Après deux décennies de croissance ininterrompue et d’optimisme aveugle, l’année 2019 a été marquée par un douloureux retour à la réalité, et ce à plusieurs niveaux :
- Non, l’innovation technologique ne peut pas guérir tous les maux de la Terre (peut-être même que c’est justement la technologie le problème : The Decade Tech Lost Its Way) ;
- Non, les outils numériques ne nous ont pas libérés ou rapprochés (peut-être même qu’ils nous ont rendus esclaves : Alienated, Alone And Angry: What The Digital Revolution Really Did To Us) ;
- Non, le web n’est pas un paradis pour utopistes et bien faiseurs (peut-être même que l’internet est le pire endroit du monde : The Internet Dream Became a Nightmare) ;
- Non, la Silicon Valley n’est pas un lieu sain numérique (peut-être même que le problème vient de la Silicon Valley : The Real Trouble With Silicon Valley) ;
- Non, les médias sociaux ne permettent pas de mieux communiquer ou s’informer (peut-être même que se sont les médias sociaux le problème : Yes, social media is making you miserable) ;
- Non, l’investissement dans les startups ne tire pas le marché vers le haut (peut-être même que ce sont ces levées de fonds et valorisations délirantes qui sont le problème : Fallout from WeWork’s failed IPO shows the folly of excessive valuations).

Je pense ne pas me tromper en disant que le web traverse la pire crise existentielle de son existence : boudé et critiqué de tous, la situation semble tellement grâve que le débat porte maintenant sur la meilleure façon de “réparer l’internet”. Il existe même un plan de sauvetage conçu par son inventeur : Tim Berners-Lee unveils global plan to save the web.
C’est dans ce contexte que je vous propose de revenir sur mes précédentes prédictions.
“Une fuite en avant technologique qui commence à faire tache” : Oui carrément !
Ma première prédiction portait sur le rythme très élevé de l’innovation technologique.

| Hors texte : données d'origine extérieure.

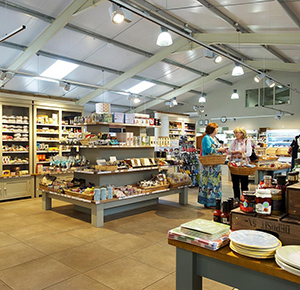 Image shows the farm shop at Denstone Hall, with shelves full of locally-sourced produce and visitors having a good chat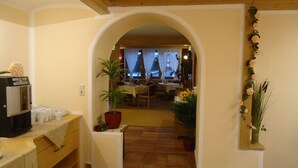 Un couloir mène à une salle à manger où se trouvent une plante en pot, une table en bois et un téléviseur posé sur un meuble.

S’il ne fait pas de doute que la technologie a énormément progressé en 10 ans (The Most Improved Tech of the Past Ten Years), on se demande si tout ceci n’est pas allé trop vite. Comme le résume très bien cet article du NY Times (Our Brains Are No Match for Our Technology) : “Nous vivons avec des émotions paléolithiques, des institutions médiévales et des technologies quasi-divines“.

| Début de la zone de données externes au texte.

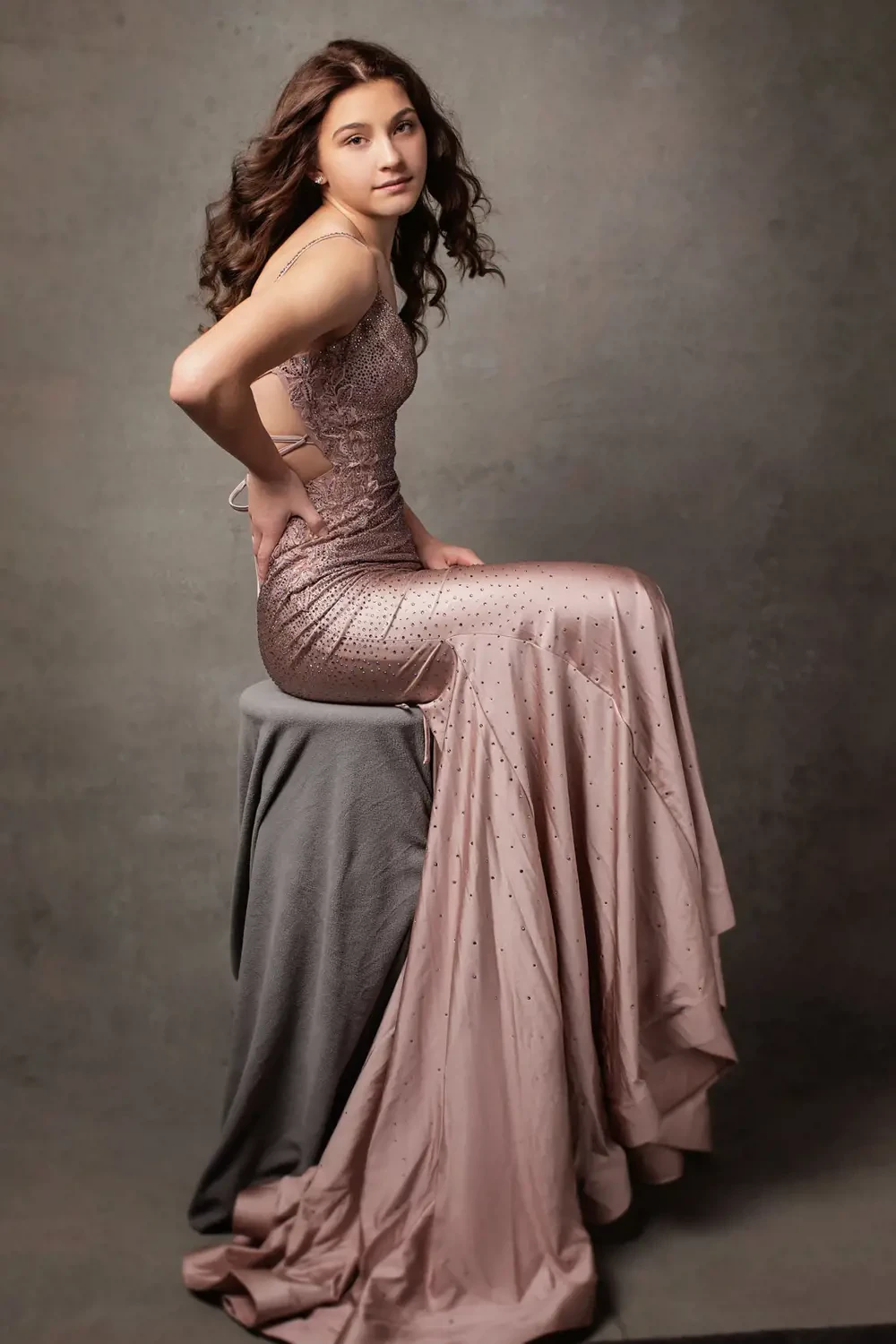 Model wearing a brown dress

Certes, le progrès des technologies mobiles a énormément contribué au développement des pays de l’hémisphère sud (10 years of mobile for development), mais les conséquences dans les pays de l’hémisphère nord sont plus contrastées (First, the Smartphone Changed. Then, Over a Decade, It Changed Us).

Toujours est-il que le rythme d’innovation et de progrès technologiques est plus soutenu que jamais, à tel point que plus personne n’est d’accord sur qui a atteint quel palier de développement. Illustration récente avec l’annonce faite par Google sur l’informatique quantique (Google Claims a Quantum Breakthrough That Could Change Computing), dont personne n’est réellement sûr si c’est une réelle avancée ou non (On “Quantum Supremacy”).

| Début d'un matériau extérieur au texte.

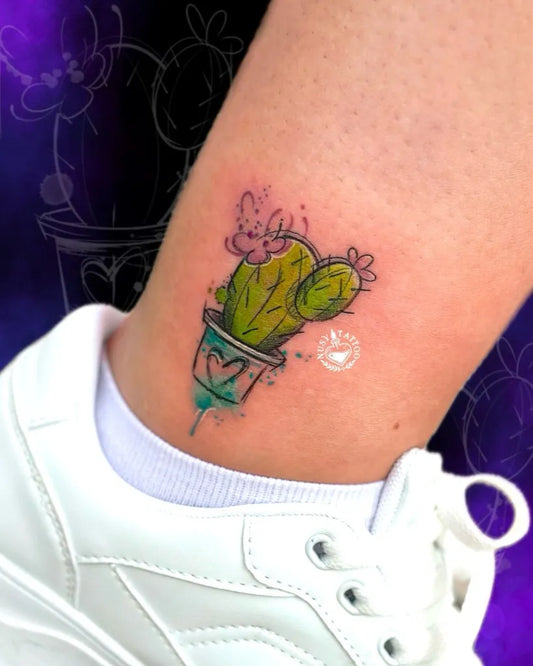 Small Watercolor Cactus and Flower Tattoo on Women Ankle by @nusytattoo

“Un point d’inflexion techno-politico-environnemental et de désordre numérique” ? Oui c’est sûr !
Aviez-vous remarqué à quel point la décennie passée avait été troublée ? Des troubles nés ou amplifiés avec le numérique (The age of perpetual crisis: how the 2010s disrupted everything but resolved nothing). Le bilan qui est fait de cette décennie passée est assez négatif car les problèmes et tensions se sont accumulés, mais sans réel espoir d’amélioration.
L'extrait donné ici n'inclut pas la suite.